- Born: Dominic Wynn Woods June 20, 1992 (age 33) San Francisco, California, U.S.
- Origin: Fairfield, California, U.S.
- Genres: Hip-hop
- Occupations: Rapper; singer; songwriter; record producer;
- Works: Discography; production;
- Years active: 2007–present
- Labels: Global Gemini; HBK; Atlantic; Republic; Black Money;
- Member of: The HBK Gang
- Children: 2
- Website: sagethegeminiofficial.com

= Sage the Gemini =

American rapper (born 1992)

Dominic Wynn Woods (born June 20, 1992), known professionally as Sage the Gemini (/seɪdʒ/), is an American rapper and record producer. He is a member of the Bay Area hip-hop collective HBK Gang, and is the only member of the group alongside Kehlani and LoveRance to have signed to a major label.

Woods is best known for his 2013 singles "Gas Pedal" (featuring Iamsu!) and "Red Nose," which peaked at numbers 29 and 59 on the Billboard Hot 100, respectively. Both songs preceded his debut studio album Remember Me (2014), which was released by Republic Records and saw moderate critical and commercial reception. That same year, his guest appearance alongside Lookas on Flo Rida's 2014 single, "Going Down For Real (GDFR)" peaked at number eight on the chart and received quadruple platinum certification by the Recording Industry Association of America (RIAA).

== Life and career ==
=== 1992–2012: Early life and career beginnings ===
Dominic Wynn Woods was born on June 20, 1992, in San Francisco. His family moved to Fairfield when he was 6–7 years old. He started recording at the age of eleven with his brother after he bought a microphone from Gordon's Music and Sound shop in Fairfield. The first track he recorded, at 14, was titled "Made In China". Woods took the name Sage the Gemini due to the color of his eyes and his zodiac sign.

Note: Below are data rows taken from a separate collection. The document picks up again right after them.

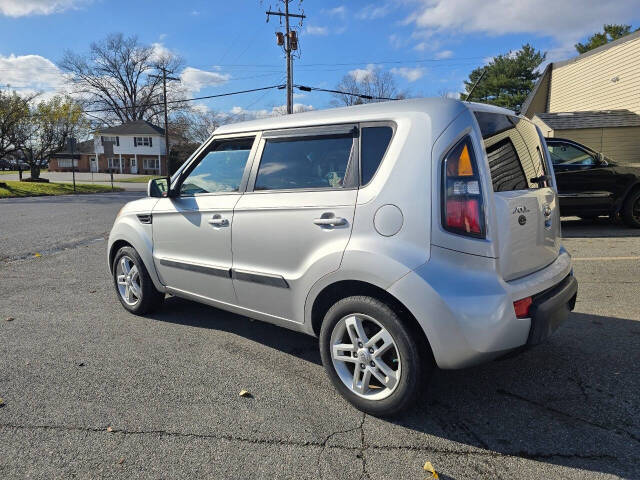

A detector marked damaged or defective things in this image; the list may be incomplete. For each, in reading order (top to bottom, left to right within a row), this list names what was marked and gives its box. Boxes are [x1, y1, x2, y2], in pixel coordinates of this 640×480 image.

crack in asphalt [498, 388, 636, 444] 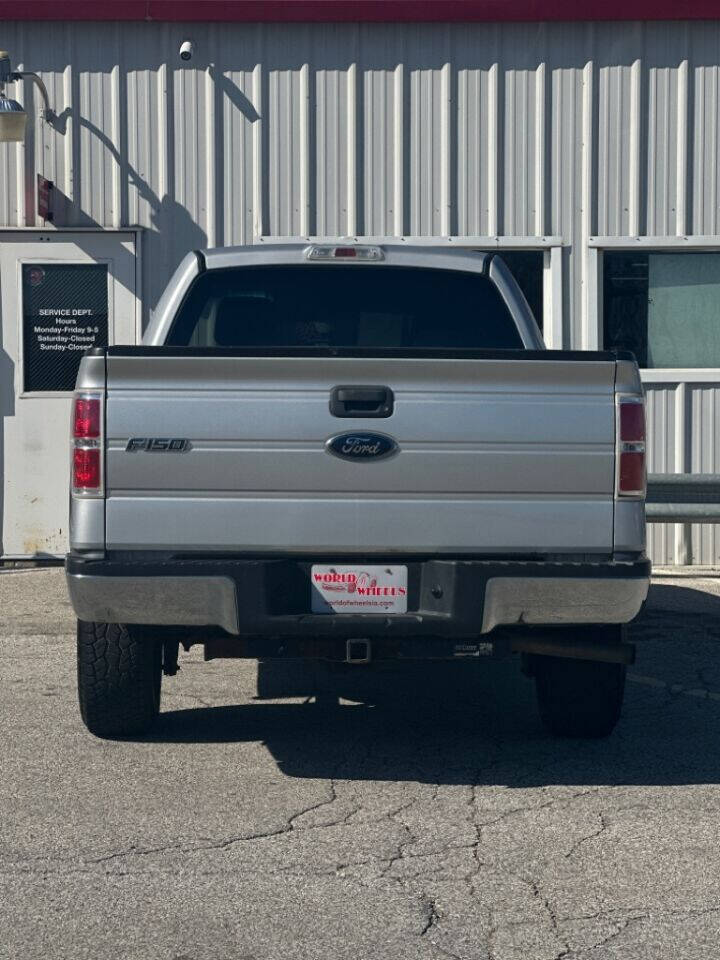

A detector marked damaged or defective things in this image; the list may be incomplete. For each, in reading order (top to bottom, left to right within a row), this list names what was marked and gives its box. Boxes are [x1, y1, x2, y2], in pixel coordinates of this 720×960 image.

cracked asphalt [4, 568, 720, 960] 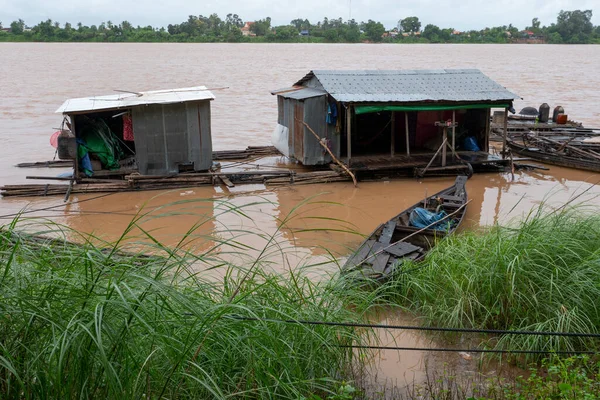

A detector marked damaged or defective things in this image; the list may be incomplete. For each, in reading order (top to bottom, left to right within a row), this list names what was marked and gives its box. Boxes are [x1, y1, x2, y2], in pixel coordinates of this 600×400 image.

rusty metal roof panel [55, 86, 216, 113]
rusty metal roof panel [292, 69, 516, 103] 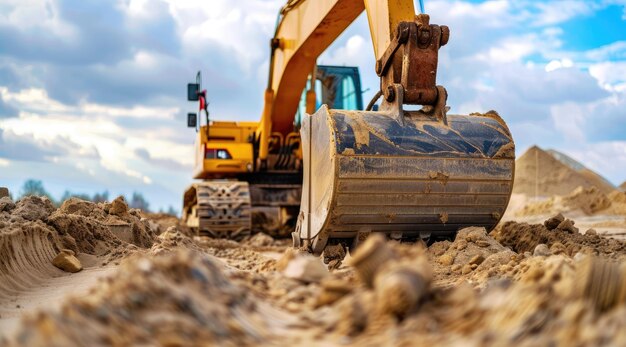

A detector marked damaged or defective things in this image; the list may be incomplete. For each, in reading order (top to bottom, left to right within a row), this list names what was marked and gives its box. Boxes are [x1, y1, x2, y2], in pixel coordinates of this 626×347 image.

rusty metal surface [298, 106, 512, 256] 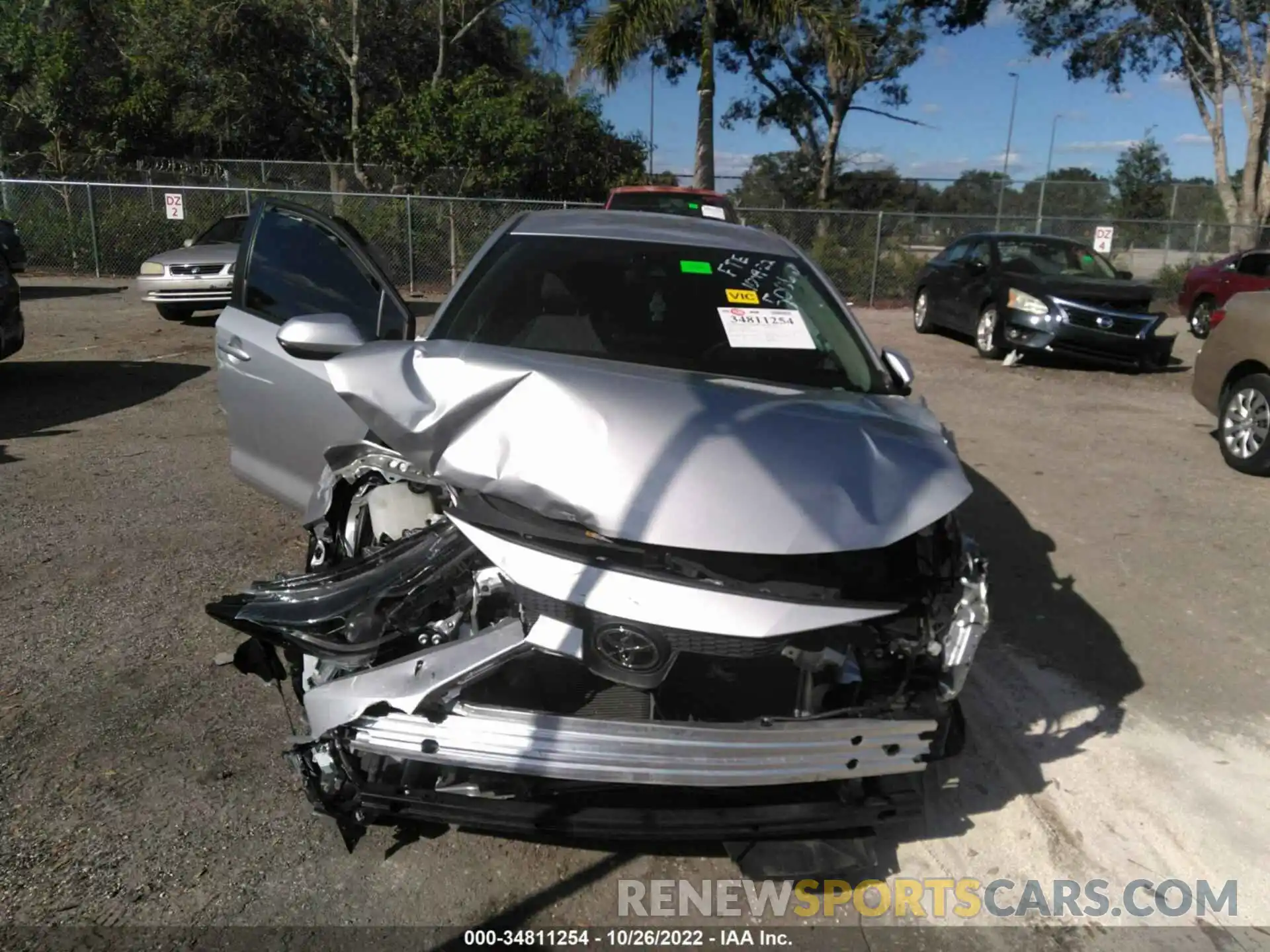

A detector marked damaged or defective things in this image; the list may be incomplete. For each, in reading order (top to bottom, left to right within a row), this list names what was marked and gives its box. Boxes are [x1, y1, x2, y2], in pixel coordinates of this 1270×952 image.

crumpled hood [147, 243, 238, 266]
crumpled hood [327, 340, 970, 555]
wrecked car front end [206, 340, 990, 848]
broken bumper cover [343, 705, 939, 787]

In 2008, Sage released his first single, "You Should Know" on MySpace. It became a viral hit, generating over three million views worldwide. He then joined Black Money Music Group. Being close friends with rapper Iamsu!, he also joined The HBK Gang, or the Heartbreak Gang.

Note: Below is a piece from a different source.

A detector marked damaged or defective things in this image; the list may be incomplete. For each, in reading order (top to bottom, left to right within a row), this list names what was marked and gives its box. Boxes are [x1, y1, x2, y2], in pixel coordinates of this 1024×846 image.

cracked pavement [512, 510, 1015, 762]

=== 2013–present: Remember Me ===
In March 2013, Sage released the singles "Red Nose" and "Gas Pedal" featuring Iamsu!, the latter has reached number 29 on the US Billboard Hot 100, making it his first top 40 hit; it also reached number six on the Hot R&B/Hip-Hop Songs. The songs immediately became hits and gained substantial airplay, which persuaded Republic Records to sign a deal with him in August 2013. The Recording Industry Association of America certified "Red Nose" Gold and "Gas Pedal" Platinum. On March 25, 2014, Sage released his debut studio album, Remember Me.

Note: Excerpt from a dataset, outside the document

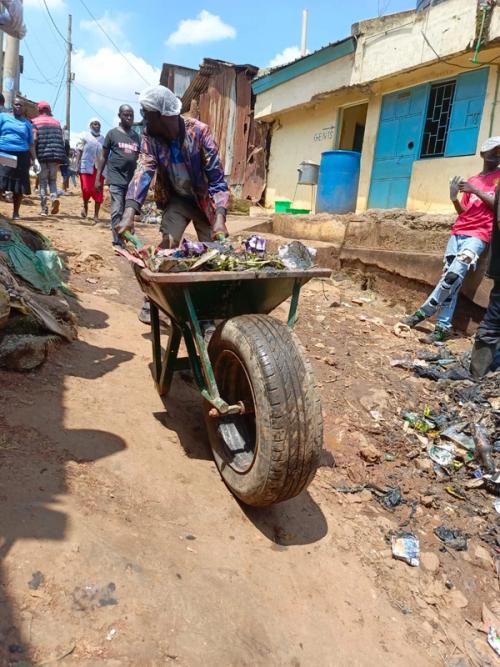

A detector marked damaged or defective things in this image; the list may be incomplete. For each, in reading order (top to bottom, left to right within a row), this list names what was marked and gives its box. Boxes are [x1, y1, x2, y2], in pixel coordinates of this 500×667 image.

torn clothing [125, 117, 229, 227]
torn clothing [420, 235, 486, 332]
broken plastic [390, 532, 418, 568]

In October 2014, he was featured on Flo Rida's single "G.D.F.R.", which peaked at number eight on the Billboard Hot 100. In July 2017, Sage released his debut mixtape, Morse Code, which includes the Gold certified single "Now and Later". "Now and Later" peaked at the #1 spot on the urban charts in Australia and the UK.

== Personal life ==
Woods was 19 when he had his first child, a daughter, in 2011. He dated Jordin Sparks for a short time in 2015. His second daughter was born in 2017 to an unnamed woman.